» **Exercise requirements**: Transcribe the whole listing exactly, but do not carry over its pictures.

» **Provided material**:
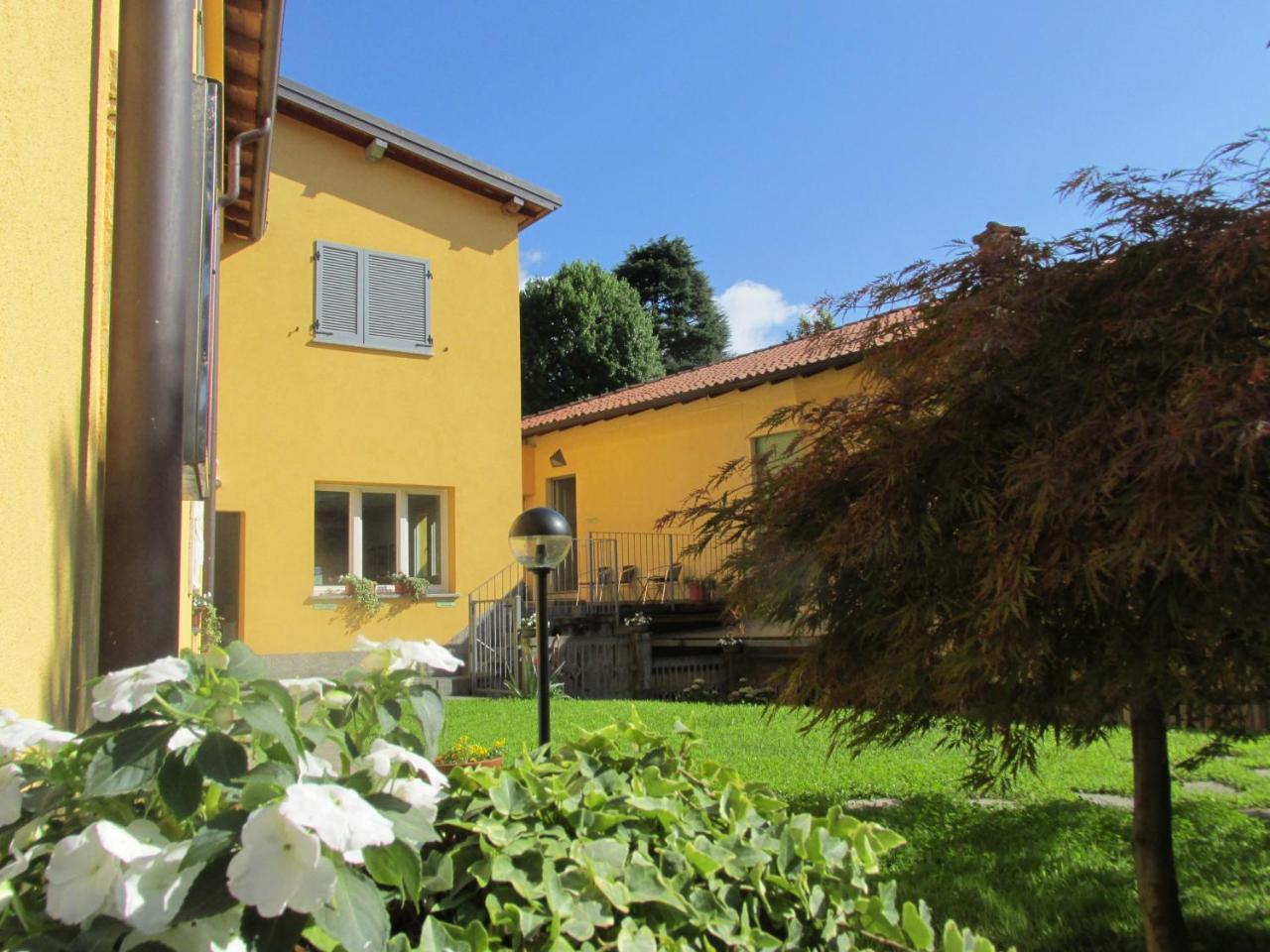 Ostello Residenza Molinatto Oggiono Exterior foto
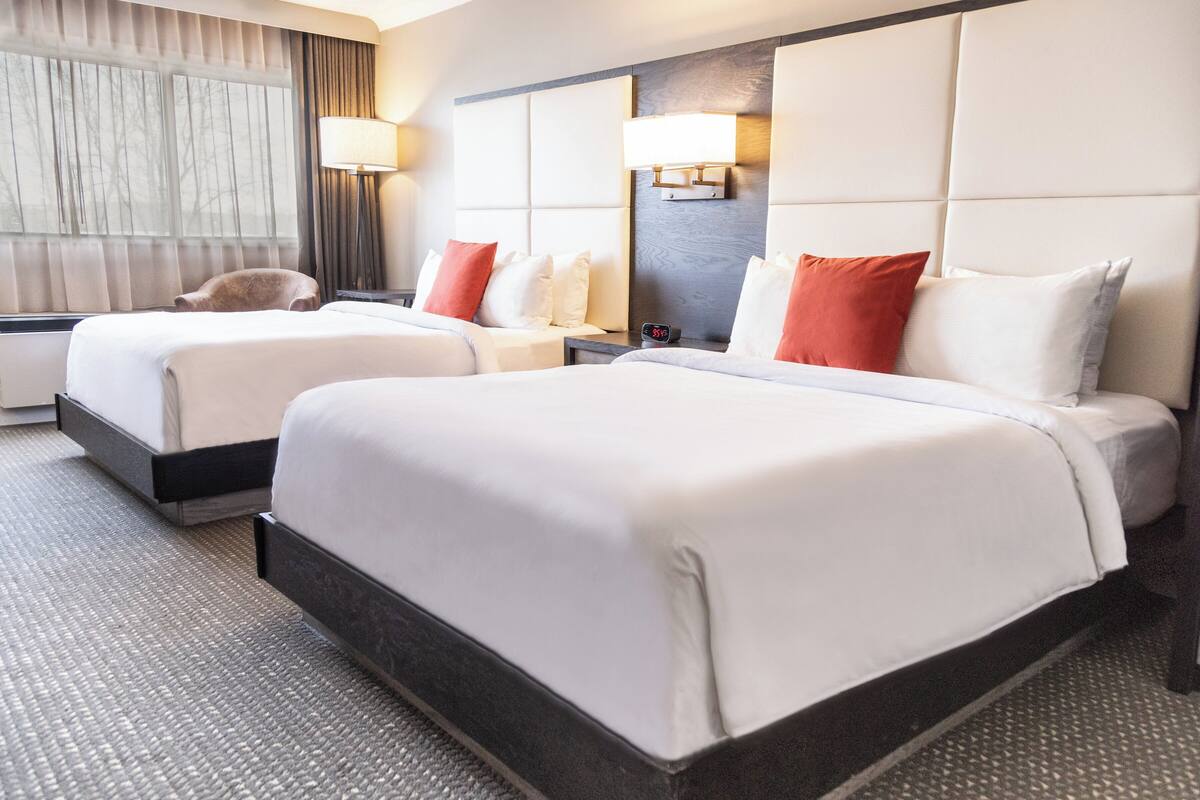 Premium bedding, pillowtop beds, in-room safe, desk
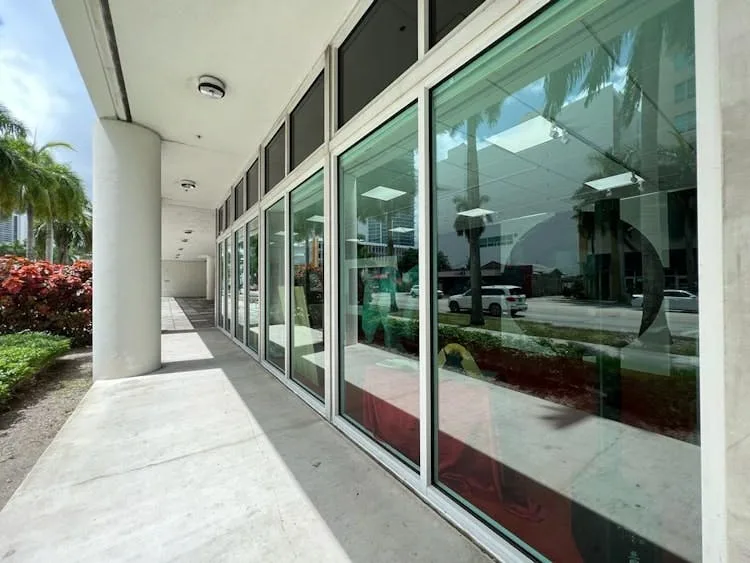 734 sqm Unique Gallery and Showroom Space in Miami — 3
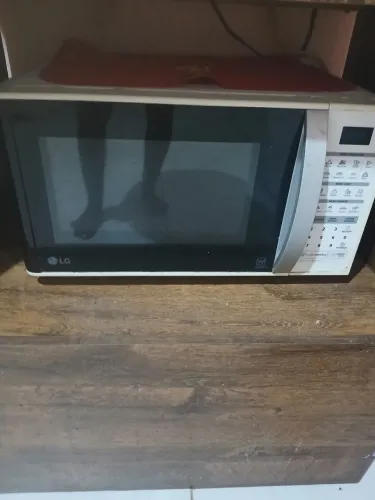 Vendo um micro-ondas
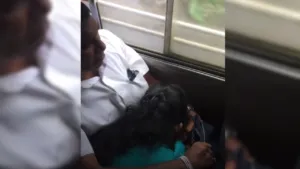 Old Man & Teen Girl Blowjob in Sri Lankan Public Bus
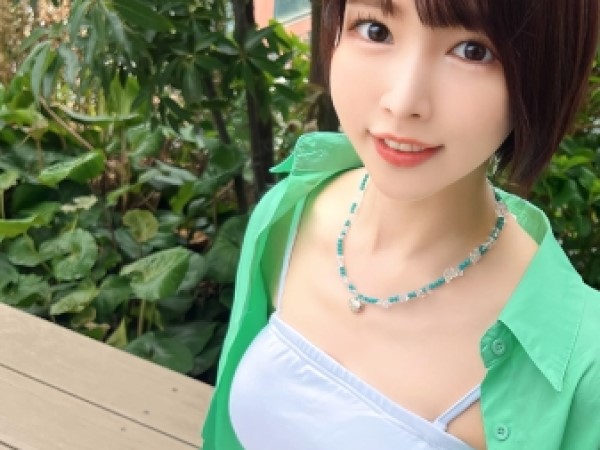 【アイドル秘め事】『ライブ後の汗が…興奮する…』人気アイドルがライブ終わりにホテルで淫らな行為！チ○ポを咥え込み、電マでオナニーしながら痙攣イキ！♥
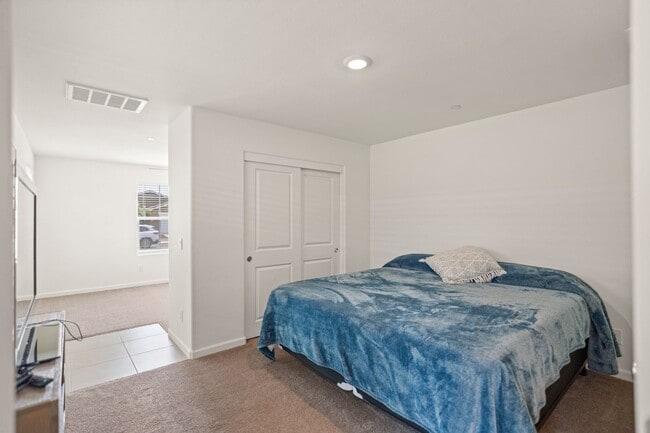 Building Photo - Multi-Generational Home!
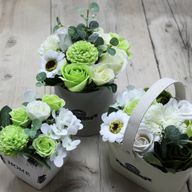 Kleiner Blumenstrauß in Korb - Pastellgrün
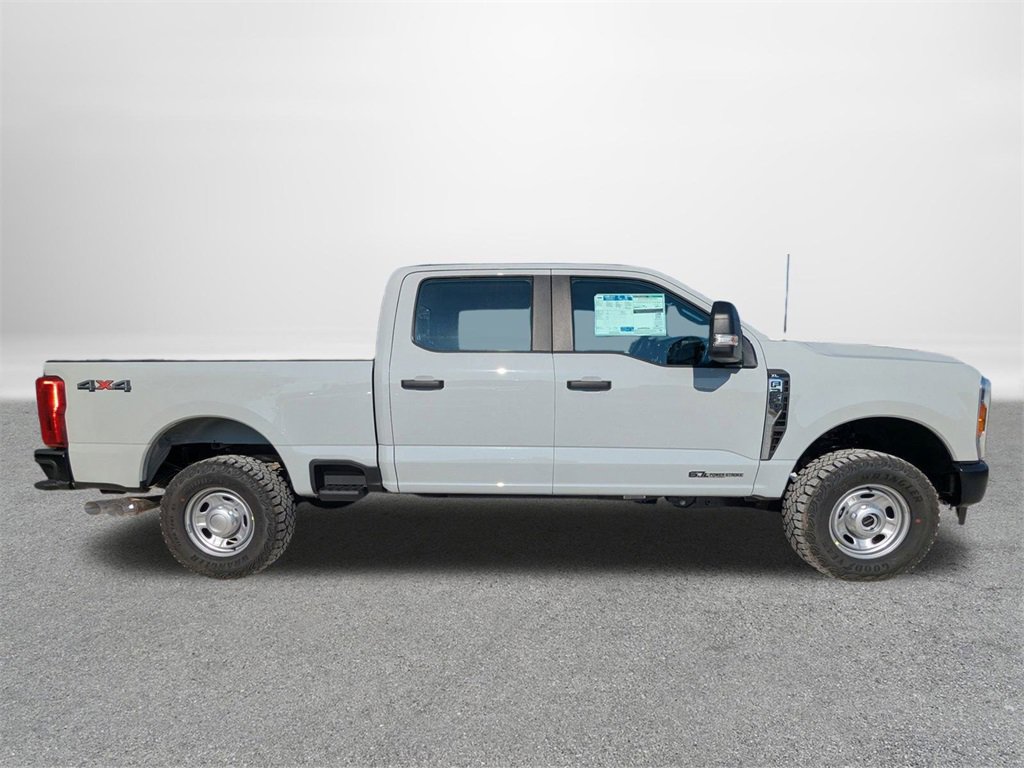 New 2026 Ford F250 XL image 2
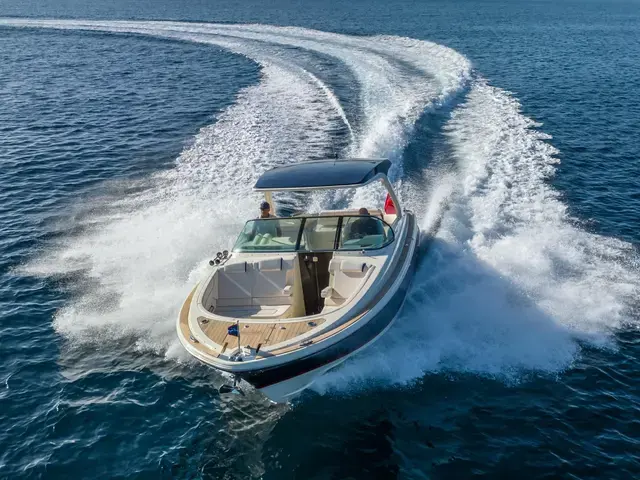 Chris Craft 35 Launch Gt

» **Result**:
 Ostello Residenza Molinatto Oggiono Exterior foto
 Premium bedding, pillowtop beds, in-room safe, desk
 734 sqm Unique Gallery and Showroom Space in Miami — 3
 Vendo um micro-ondas
 Old Man & Teen Girl Blowjob in Sri Lankan Public Bus
 【アイドル秘め事】『ライブ後の汗が…興奮する…』人気アイドルがライブ終わりにホテルで淫らな行為！チ○ポを咥え込み、電マでオナニーしながら痙攣イキ！♥
 Building Photo - Multi-Generational Home!
 Kleiner Blumenstrauß in Korb - Pastellgrün
 New 2026 Ford F250 XL image 2
 Chris Craft 35 Launch Gt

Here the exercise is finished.